Please set down exactly the lines from the one that contains "amor Ring für Damen, Gold 333 Ringe Weiss" through the end of the material, leaving out every picture.

__Input data__
◇ ◇ ◇
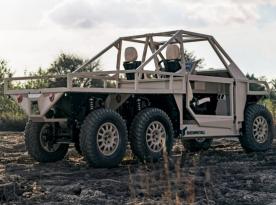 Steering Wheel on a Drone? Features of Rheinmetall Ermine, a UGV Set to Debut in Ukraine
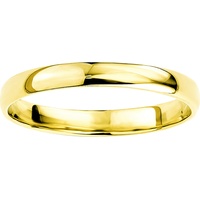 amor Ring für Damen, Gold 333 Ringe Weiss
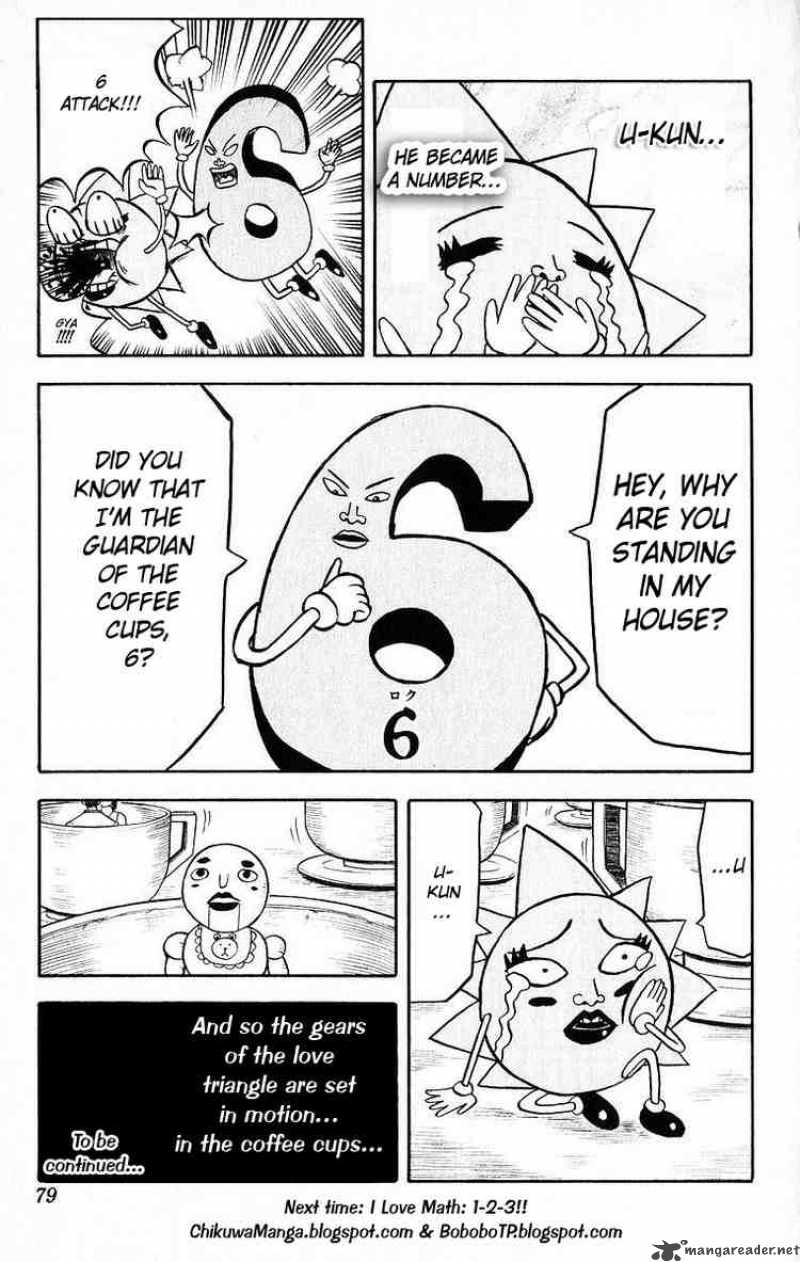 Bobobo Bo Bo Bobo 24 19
◇ ◇ ◇
__Response area__
 amor Ring für Damen, Gold 333 Ringe Weiss
 Bobobo Bo Bo Bobo 24 19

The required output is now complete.